Esa forma de expresarse las palabras que no suelen asomarse a la boca.
Leer en forma presente palabras de días atrás, sin el sonido de la voz, donde todo lo que se escuchaba venía desde nosotros mismos. Y no era otra cosa que el ruido que hacía el efecto de las palabras al mover las cosas que llevamos dentro.
… y luego la vida sigue.
Al final siempre sigue. No sabes cómo ni hacia dónde exactamente.
Se te cae el mundo, pero el mundo rebota y vuelve a su lugar.
Y la vida sigue. Como si nada a pesar de todo.
A velocidad constante, pero ritmo marcado por los ánimos.
Por un tiempo quieto tus pasos marcan huellas de instantes que si algo dejan recordarás y si se borran es porque no hubo nada que mereciera un recoveco de tu memoria.
Pasan los años por tu piel, danzando sobre el escenario de lo visible, y por dentro el baile es más lento.
Tanto cuando el dolor parece no acabar nunca, como cuando sientes que el placer se escurre entre los dedos, también la vida sigue.
Alentando la prisa o acomodando la espera, el tiempo nunca espera.
Acierto y error son el boceto de tu experiencia, decepciones de lo esperado y alegrías de lo repentino.
Como una balanza inquieta cuya medida de peso es el tiempo.
El lugar, el paisaje, lo que piensas en este instante…
Y tal vez no es lo que piensas, sino algo que leíste y que sonaba bien.
La cuestión no es tanto compartirlo como que ya no sabes vivir sin hacerlo, sin decirle al mundo dónde estás, qué haces.
La mayor contradicción del hábito, lo más sutil, es que se vuelve tan automático que la gran mayoría de las veces no lo piensas como un hábito, casi como una adicción.
Cuando disfrutas de verdad lo cuentas después, porque estás, solo o con alguien, nutriéndote del instante, alimentando la cabeza, el corazón y los sentidos.
Cuando disfrutas de verdad se para el tiempo, olvidas el mundo, el teléfono, la imperiosa necesidad de contar a cada instante que disfrutas más que nadie, porque a veces, quizá, no hay más que el deseo inconsciente de creerlo uno mismo.

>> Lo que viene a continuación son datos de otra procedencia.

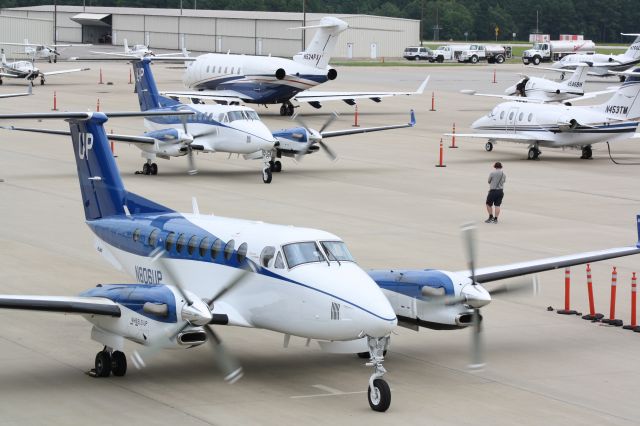 Beechcraft Super King Air 350 (N806UP) - N806UP and N856UP preparing to leave the ramp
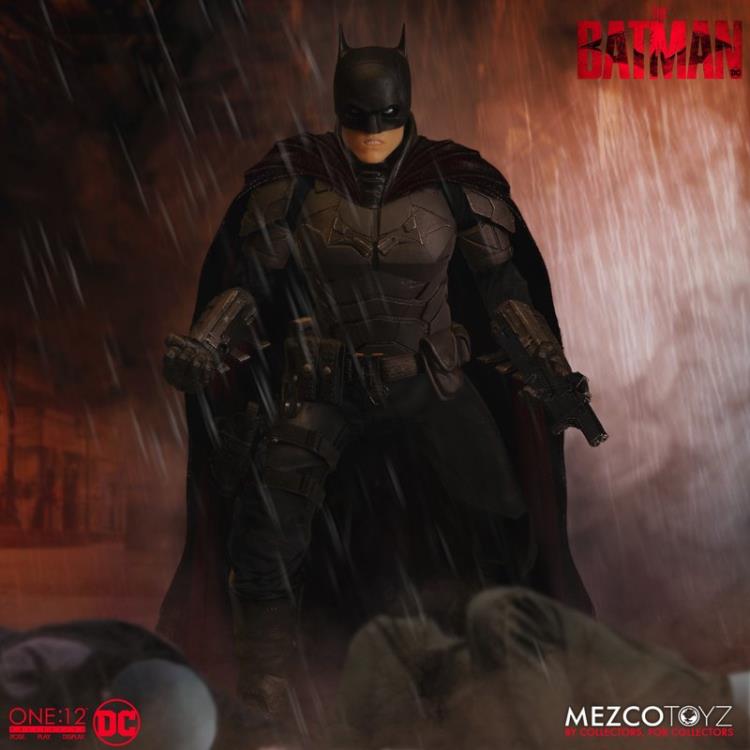 The Batman is outfitted in a screen-accurate armored Batsuit with chest insignia. The costume features an integrated posing wire in the cape, utility belt, a thigh pouch, and two vambrace. Batman comes complete with four head portraits including an unmasked Bruce Wayne portrait, all featuring the likeness of actor Robert Pattinson. Equipped with multiple Batarangs, sticky bombs, handcuffs, grapple launcher, and smoke bombs, Batman fights crime in the wet and grimy streets of Gotham.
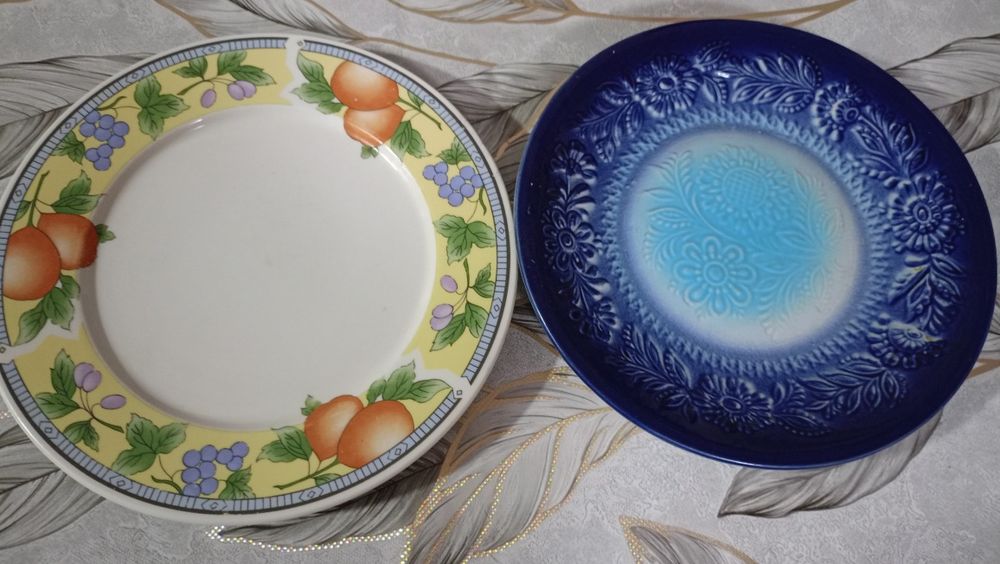 Цена за два! Ляганы по 25 см ( большая тарелка)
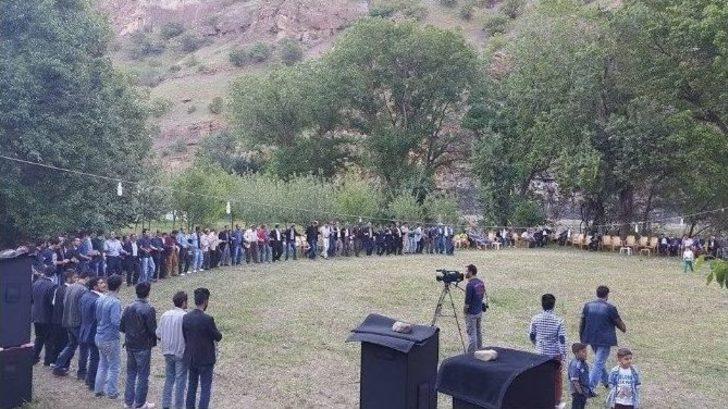 Hakkari’de 3 Gün 3 Gece Süren Görkemli Düğün G5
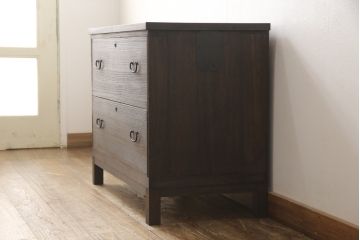 3段重ね桐箪笥を3つの収納にリメイク!上段はリサイズし、扉に桜の透かし彫りを入れた戸棚に。中段と下段は天板と脚を取り付けローボードに。3台ともチェス系で着色して仕上げ。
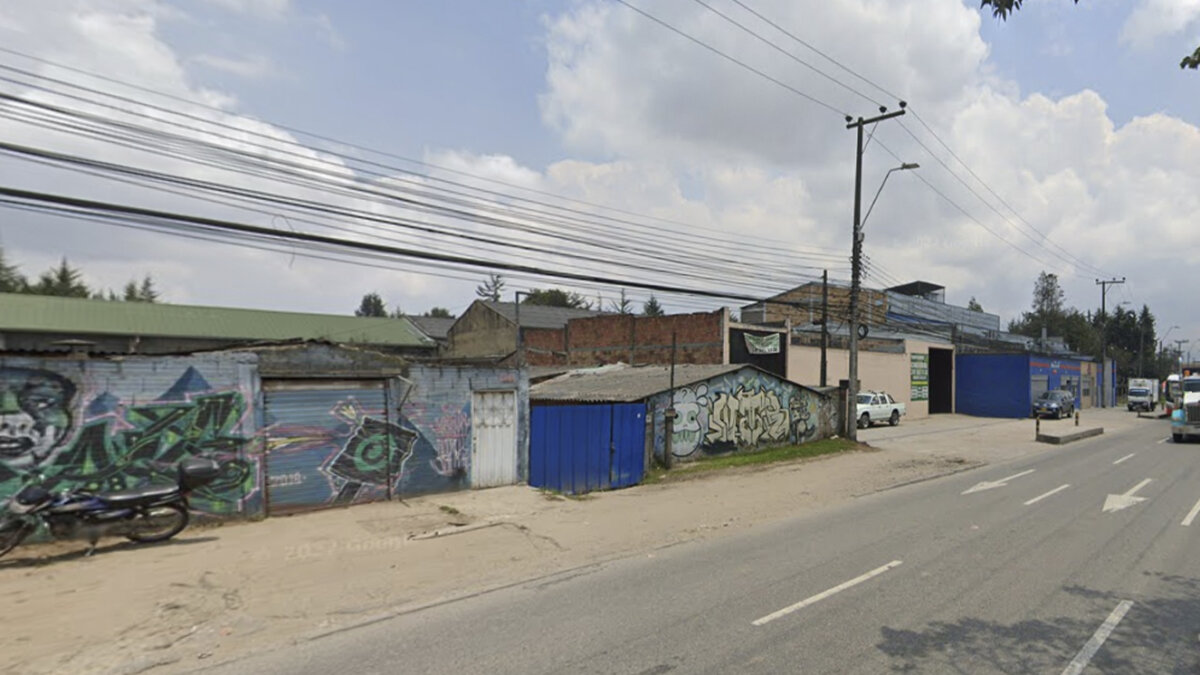 Hallan dos cuerpos torturados en bodega de Fontibón Encontraron dos cuerpos con aparentes signos de tortura en una bodega de Fontibón.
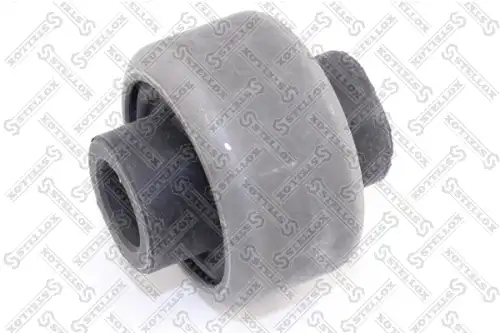 сайлентблок рычага пер.! Renault Laguna all 93>/Espace 96> 77-00170-SX STELLOX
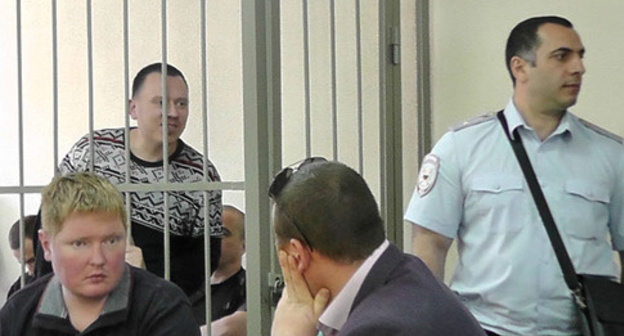 Warder of the Belorechenskaya penal colony in the courtroom, May 12, 2017. Photo by Anna Gritsevich for the 'Caucasian Knot'. Warder of the Belorechenskaya penal colony in the courtroom, May 12, 2017. Photo by Anna Gritsevich for the 'Caucasian Knot'.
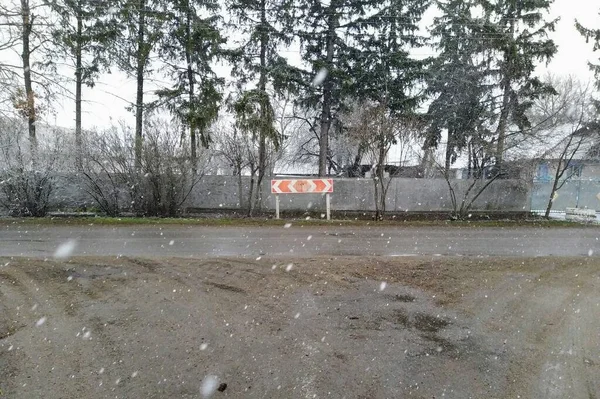 冬季大雪时村里的道路 — 图库照片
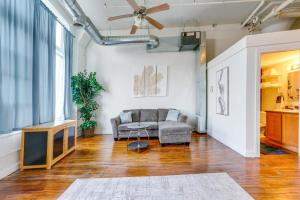 Steps to Riverwalk! City-View Condo in Corktown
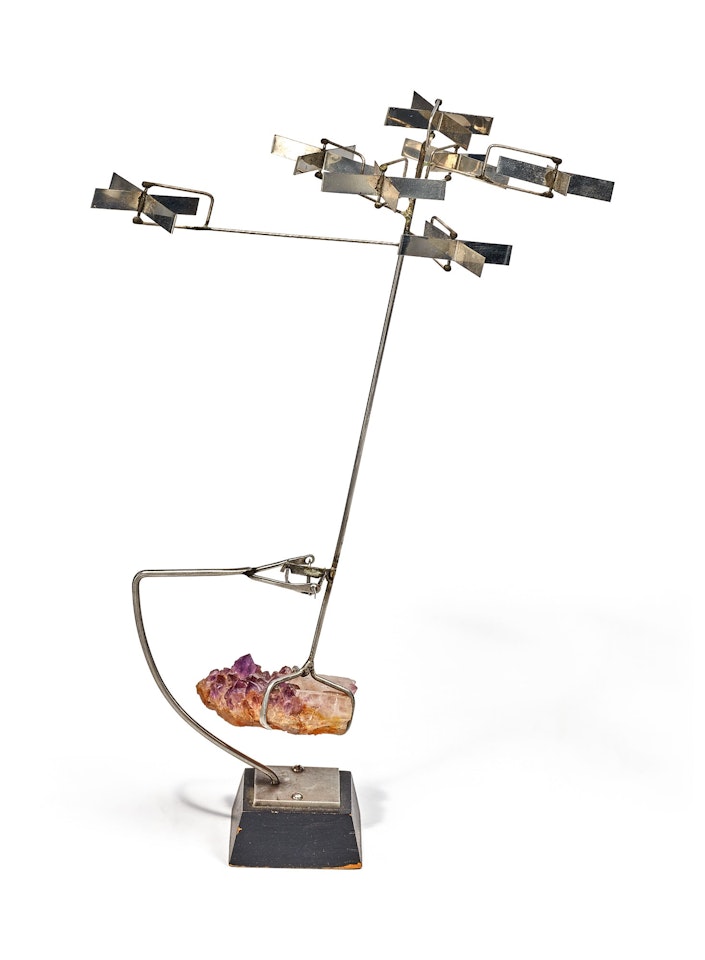 FLEURS DE ROCAILLE AMETHYST I (SEVEN ROTORS WITH AMETHYST) by George Rickey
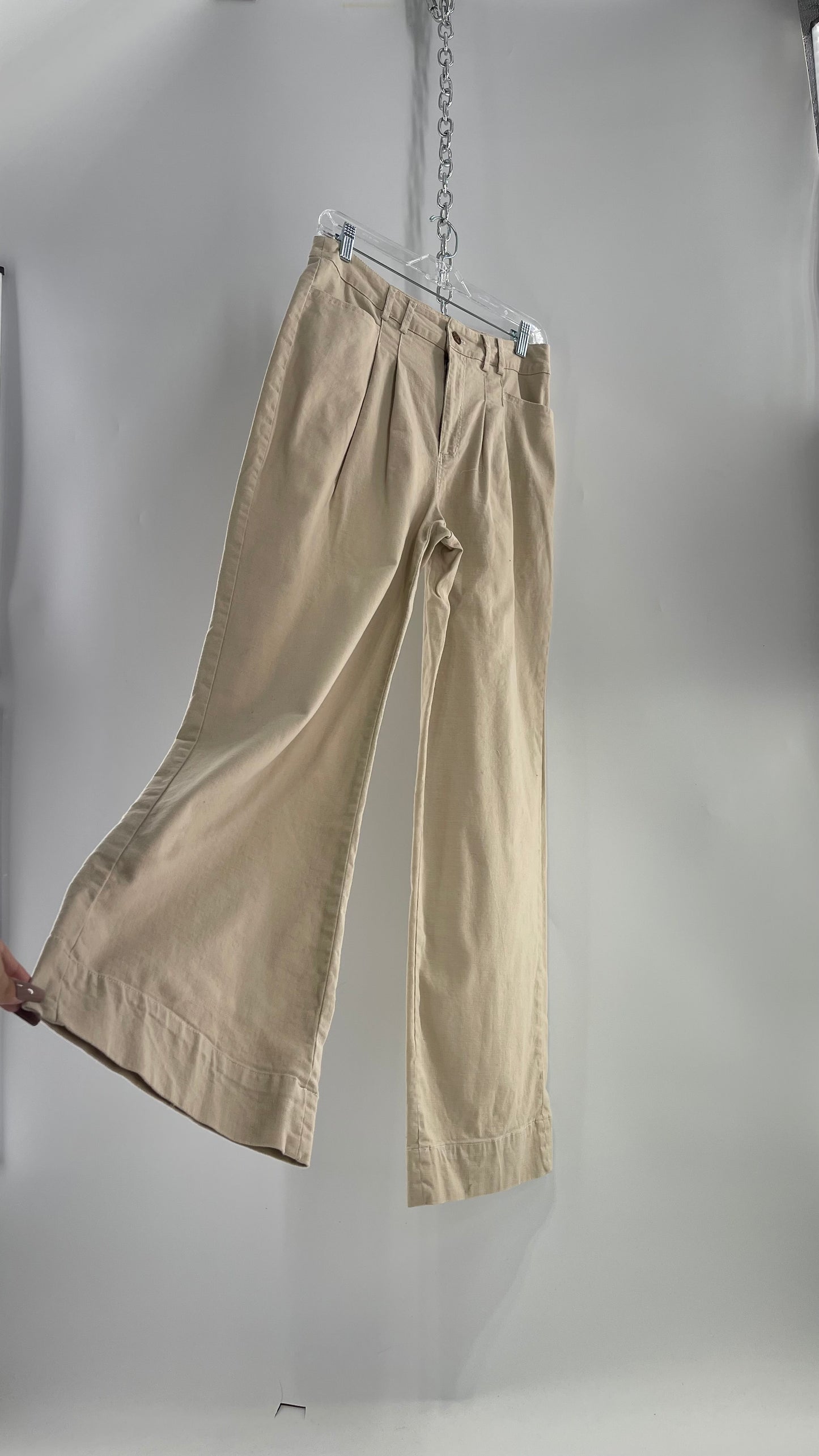 Avec Les Filles 97% Cotton Tan/Neutral Pleated Waist Trouser (S)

Los viejos tópicos existenciales de la necesidad de aprobación, de buscar palabras que formen frases que repitan lo que queremos creer y que tantas veces son lo contrario a lo que realmente sentimos.
Cuando nos sentimos frágiles respondemos, sin pregunta previa, lo fuertes que somos.
Cuando necesitamos a alguien, decimos lo bien que nos bastamos solos.
Una, diez, mil veces.
El problema no eres tú. El problema no soy yo. El problema es que todos, corremos a mostrarnos.
El problema es la de horas perdidas, hipnotizados, absortos, sedados, por tantos minutos de gloria.
¿No echas de menos a veces, quedarte a solas con el momento, con el paisaje, con lo que piensas?
¿No echas de menos que dé igual el mundo, que parezca detenerse y que todo sea por un instante solo y no más que el instante?